Multistage carcinoma Flashcards
What kind of mutations can be seen in cancer?
- TSG loss
- oncogene activation
- mutations that allow cells to grow faster than their neighbours offering them a selective advantage
10 hallmarks of cancer
- evading growth suppressors
- avoiding immune destruction
- sustaining proliferative signalling
- replicative immortality
- tumour-promoting inflammation
- activating invasion and metastasis
- inducing/acessing vasculature
- genome instability + mutations
- deregulating cellular metabolism
- resisting cell death
What kinds of cells are in epithelial tumours?

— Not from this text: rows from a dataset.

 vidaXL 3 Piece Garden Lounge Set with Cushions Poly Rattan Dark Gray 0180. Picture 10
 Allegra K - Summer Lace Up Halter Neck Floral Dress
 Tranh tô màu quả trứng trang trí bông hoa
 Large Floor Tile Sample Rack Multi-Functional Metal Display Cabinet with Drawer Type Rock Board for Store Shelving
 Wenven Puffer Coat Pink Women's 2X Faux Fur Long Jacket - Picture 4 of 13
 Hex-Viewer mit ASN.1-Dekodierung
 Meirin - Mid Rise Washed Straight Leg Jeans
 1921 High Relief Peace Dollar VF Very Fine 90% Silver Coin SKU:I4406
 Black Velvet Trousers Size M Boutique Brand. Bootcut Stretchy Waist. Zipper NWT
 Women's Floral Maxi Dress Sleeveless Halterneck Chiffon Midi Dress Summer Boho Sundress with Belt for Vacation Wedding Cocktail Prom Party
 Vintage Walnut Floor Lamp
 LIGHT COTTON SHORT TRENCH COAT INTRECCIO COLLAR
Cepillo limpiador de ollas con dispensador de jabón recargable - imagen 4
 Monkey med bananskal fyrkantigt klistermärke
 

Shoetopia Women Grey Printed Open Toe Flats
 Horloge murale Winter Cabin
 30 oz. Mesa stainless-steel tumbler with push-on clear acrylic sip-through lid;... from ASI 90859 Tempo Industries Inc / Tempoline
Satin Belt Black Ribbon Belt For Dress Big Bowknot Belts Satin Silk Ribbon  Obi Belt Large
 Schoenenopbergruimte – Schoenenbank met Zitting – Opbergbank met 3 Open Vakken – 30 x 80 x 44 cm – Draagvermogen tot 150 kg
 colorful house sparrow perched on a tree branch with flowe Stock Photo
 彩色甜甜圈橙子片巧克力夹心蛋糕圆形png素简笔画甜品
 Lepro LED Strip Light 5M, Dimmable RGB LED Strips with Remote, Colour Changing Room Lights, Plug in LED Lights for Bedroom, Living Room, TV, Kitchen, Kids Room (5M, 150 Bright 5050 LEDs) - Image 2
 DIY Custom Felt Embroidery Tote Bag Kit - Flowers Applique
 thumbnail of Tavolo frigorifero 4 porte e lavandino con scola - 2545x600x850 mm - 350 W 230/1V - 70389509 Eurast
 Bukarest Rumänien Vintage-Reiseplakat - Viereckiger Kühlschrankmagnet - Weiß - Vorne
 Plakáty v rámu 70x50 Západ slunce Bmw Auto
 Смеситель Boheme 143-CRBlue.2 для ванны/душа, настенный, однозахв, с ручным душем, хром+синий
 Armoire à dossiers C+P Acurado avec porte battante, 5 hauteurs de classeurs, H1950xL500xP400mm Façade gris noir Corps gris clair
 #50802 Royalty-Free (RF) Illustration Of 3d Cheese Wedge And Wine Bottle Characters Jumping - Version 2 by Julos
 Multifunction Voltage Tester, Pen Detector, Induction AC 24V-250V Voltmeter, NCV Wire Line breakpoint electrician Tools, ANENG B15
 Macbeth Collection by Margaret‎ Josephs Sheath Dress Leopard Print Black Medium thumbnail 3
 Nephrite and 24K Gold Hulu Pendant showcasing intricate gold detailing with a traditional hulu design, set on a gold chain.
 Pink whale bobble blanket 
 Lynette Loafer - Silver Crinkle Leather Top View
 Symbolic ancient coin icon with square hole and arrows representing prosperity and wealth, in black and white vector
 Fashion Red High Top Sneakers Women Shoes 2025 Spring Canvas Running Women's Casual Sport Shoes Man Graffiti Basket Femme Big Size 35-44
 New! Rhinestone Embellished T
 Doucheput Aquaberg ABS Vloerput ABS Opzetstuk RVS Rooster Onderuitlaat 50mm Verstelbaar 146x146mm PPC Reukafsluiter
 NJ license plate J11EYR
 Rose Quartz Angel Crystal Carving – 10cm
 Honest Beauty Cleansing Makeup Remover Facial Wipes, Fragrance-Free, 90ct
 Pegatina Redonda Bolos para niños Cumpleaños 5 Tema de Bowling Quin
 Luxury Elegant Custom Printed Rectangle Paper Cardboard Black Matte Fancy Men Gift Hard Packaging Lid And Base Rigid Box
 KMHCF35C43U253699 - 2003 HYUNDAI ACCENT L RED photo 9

- cancer cells + stromal cells
- blood vessels, ,cancer-associated fibroblasts, immune/inflammatory cells + factors
- blood cancers can also have stromal cells
What are 90% of tumours made from?
epithelial cells - these cells are more exposed to the environment and damage
What are the stages of the cell cycle?
Go, G1, S, G2, M
What regulates the cell cycle?
- cyclins and CDKs
- growth factors stimulate the cell to enter from quiescent G0 state to G1
Which cyclin/CDK is important in inhibition of the G phase of the cell cycle?
- cyclin D CDK 6/4
- growth factor induced
- upregulated by growth factors
- can be overexpressed in cancers
What is the raf-MEK-ERK pathway?
- growth factors such as GFG, EGF are produced by stromal cells and activate tyrosine kinase receptors
- these activate ras which phosphorylates raf which phosphorylates MEK1+2 which phosphorylates ERK1+2
- ERK1+2 can then enter the nucleus and activate cell cycle and survival genes
What kind of mutations can occur in the raf-MEK-ERK pathway that lead to cancer?
- tyrosine kinase receptor activation
- ras activation (most common in K least in H)
- b-raf activation - seen in 50% of melanomas
How are activating mutations of tyrosine kinase receptors treated in cancer?
- small molecule inhibitors bind intracellularly and prevent target binding to the receptor
- not selective but cheap
- Ab inhibitors block receptors specifically but are expensive
How are activating mutations of ras treated in cancers?
- difficult to target with small molecule inhibitors
- cant use Abs as ras is inside the cell
- recently some ras mutations such as B-raf in melanoma can be inhibied
PI3K pathway?
- PI3K is made of 2 subunits
- p85 interacts with receptors
- p110 phosphorylates lipids in the membrane
- growth factors bind receptors and activate PI3K which phosphorylates PIP2 into PIP3
- PIP3’s negative charge helps it to recruit many proteins such as AKT involved in cell survival
PTEN can turn PIP3 back to PIP2
What kinds of mutations can happen in the PI3K pathway to cause cancer? How can these be targeted?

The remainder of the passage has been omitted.